+++ Entries provided
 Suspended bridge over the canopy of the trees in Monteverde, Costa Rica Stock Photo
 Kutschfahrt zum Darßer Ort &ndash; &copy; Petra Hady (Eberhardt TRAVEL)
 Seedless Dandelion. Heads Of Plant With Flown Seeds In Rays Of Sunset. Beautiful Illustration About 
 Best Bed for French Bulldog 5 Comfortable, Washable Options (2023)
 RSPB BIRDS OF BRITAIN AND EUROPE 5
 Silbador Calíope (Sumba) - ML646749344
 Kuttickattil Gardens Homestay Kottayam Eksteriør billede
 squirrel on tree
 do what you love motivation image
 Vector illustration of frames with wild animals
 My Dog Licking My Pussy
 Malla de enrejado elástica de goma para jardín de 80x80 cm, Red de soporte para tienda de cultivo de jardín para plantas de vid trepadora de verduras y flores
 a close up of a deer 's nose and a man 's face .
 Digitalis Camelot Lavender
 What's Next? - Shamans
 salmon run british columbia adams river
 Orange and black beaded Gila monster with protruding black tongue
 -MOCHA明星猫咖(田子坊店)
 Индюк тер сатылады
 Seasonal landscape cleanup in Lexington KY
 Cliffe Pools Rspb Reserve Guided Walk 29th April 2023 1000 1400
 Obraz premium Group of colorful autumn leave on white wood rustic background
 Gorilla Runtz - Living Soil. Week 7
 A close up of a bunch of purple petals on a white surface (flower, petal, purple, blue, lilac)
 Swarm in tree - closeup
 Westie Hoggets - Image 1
++++++
▶ **Problem statement**: Please show, exactly as written, every line above that contains the word "white".

▶ **Answer to the exercise**:
 Obraz premium Group of colorful autumn leave on white wood rustic background
 A close up of a bunch of purple petals on a white surface (flower, petal, purple, blue, lilac)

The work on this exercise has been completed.